[[ DATA BELOW, beginning ]]
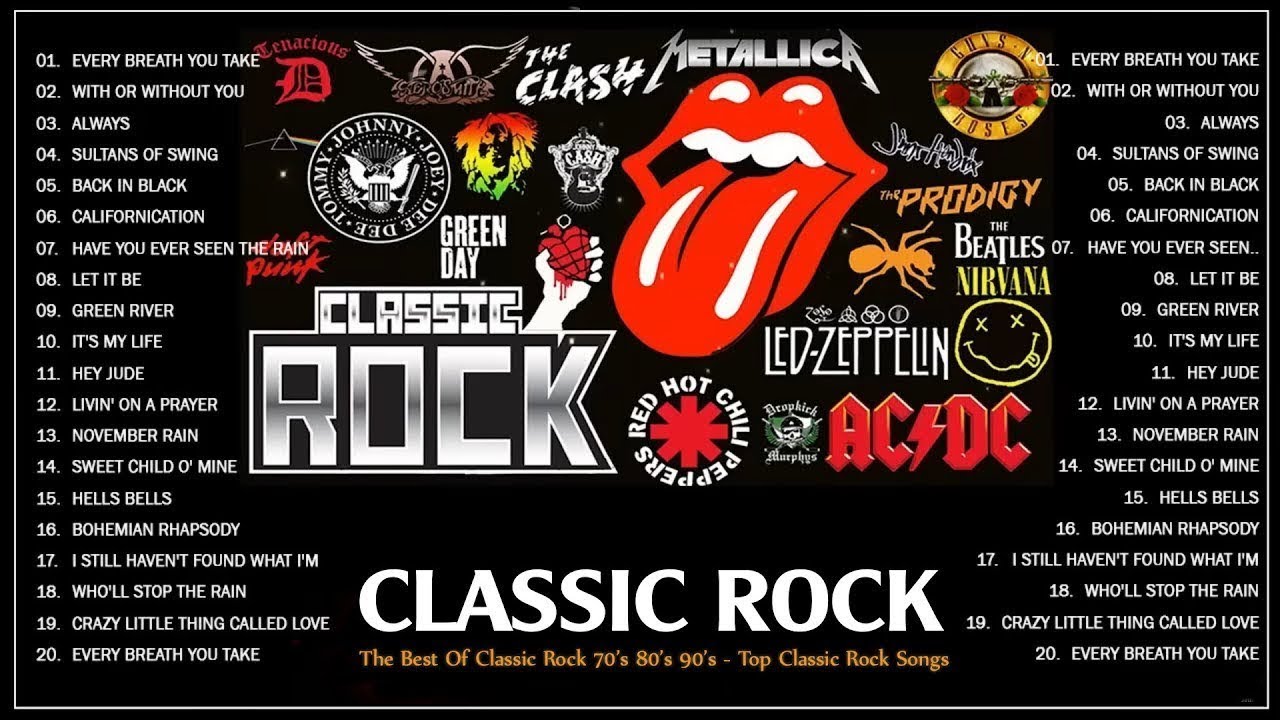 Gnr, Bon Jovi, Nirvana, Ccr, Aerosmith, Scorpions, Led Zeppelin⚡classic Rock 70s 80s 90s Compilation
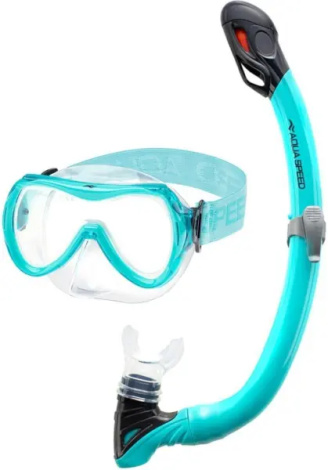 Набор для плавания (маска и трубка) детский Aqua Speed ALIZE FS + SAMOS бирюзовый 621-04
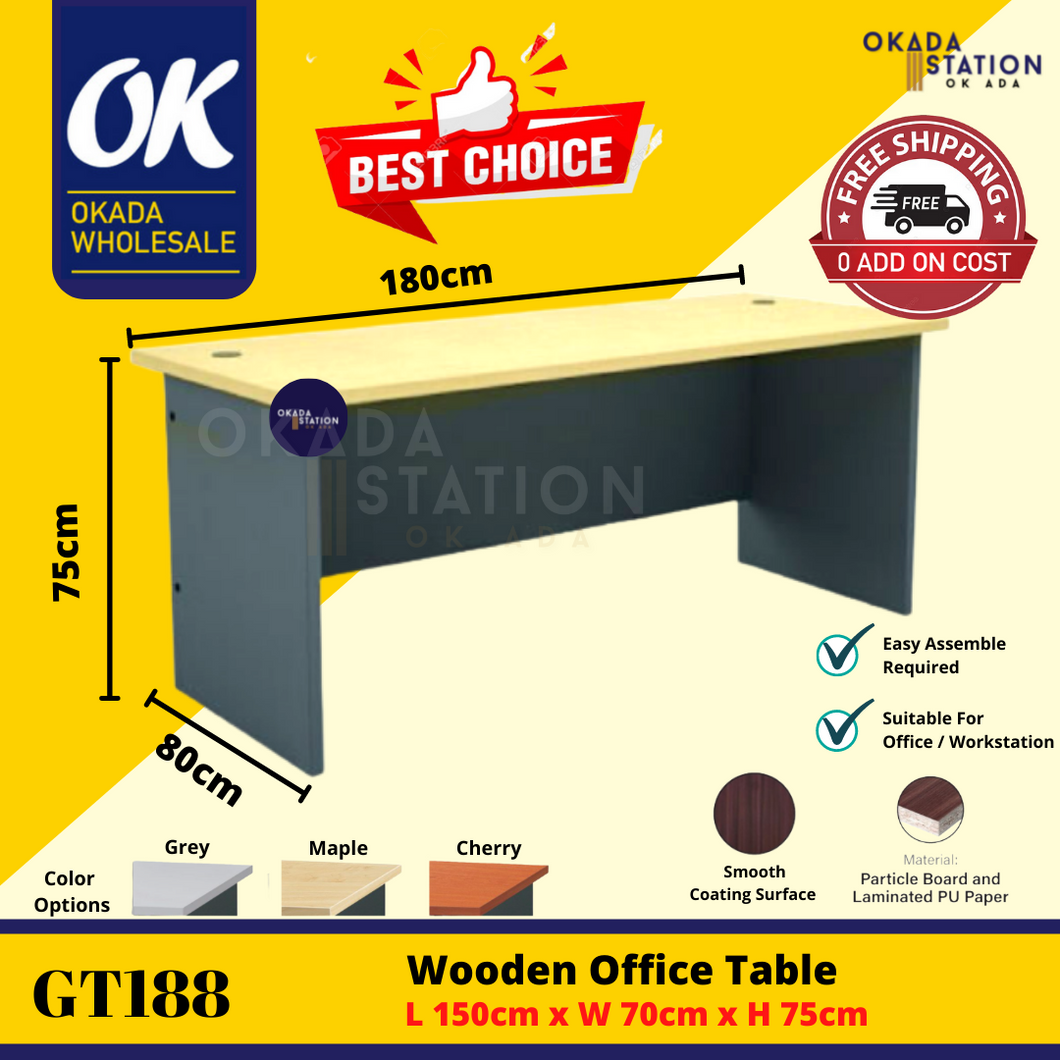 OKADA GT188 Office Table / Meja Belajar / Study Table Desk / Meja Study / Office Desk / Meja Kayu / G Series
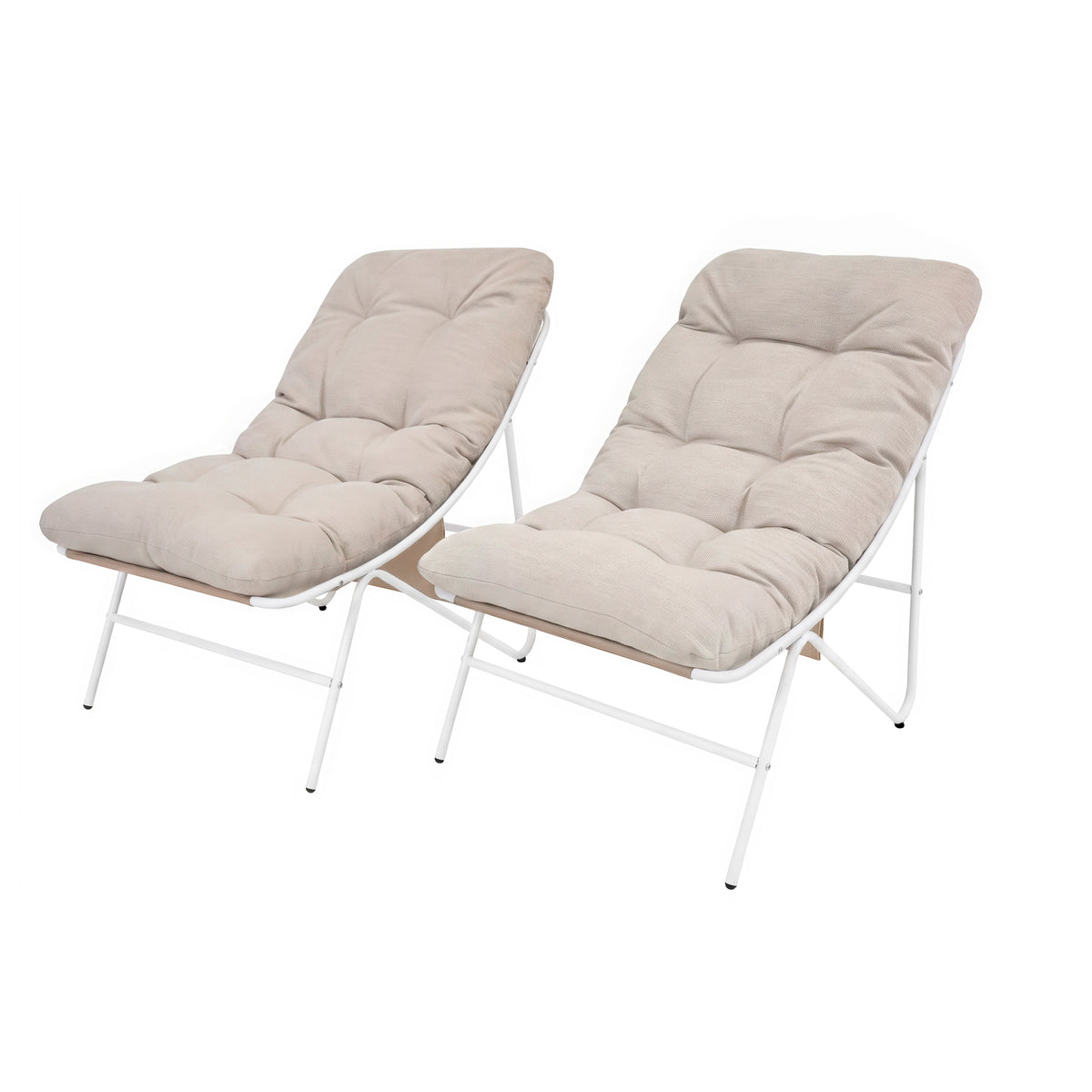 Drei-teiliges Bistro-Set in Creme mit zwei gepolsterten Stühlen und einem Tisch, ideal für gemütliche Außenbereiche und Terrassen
[[ DATA BELOW, end ]]
INSTRUCTIONS TO FOLLOW: Copy out the material above in full and exactly; its pictures are not to appear.

SOLUTION TO THE PROBLEM:
 Gnr, Bon Jovi, Nirvana, Ccr, Aerosmith, Scorpions, Led Zeppelin⚡classic Rock 70s 80s 90s Compilation
 Набор для плавания (маска и трубка) детский Aqua Speed ALIZE FS + SAMOS бирюзовый 621-04
 OKADA GT188 Office Table / Meja Belajar / Study Table Desk / Meja Study / Office Desk / Meja Kayu / G Series
 Drei-teiliges Bistro-Set in Creme mit zwei gepolsterten Stühlen und einem Tisch, ideal für gemütliche Außenbereiche und Terrassen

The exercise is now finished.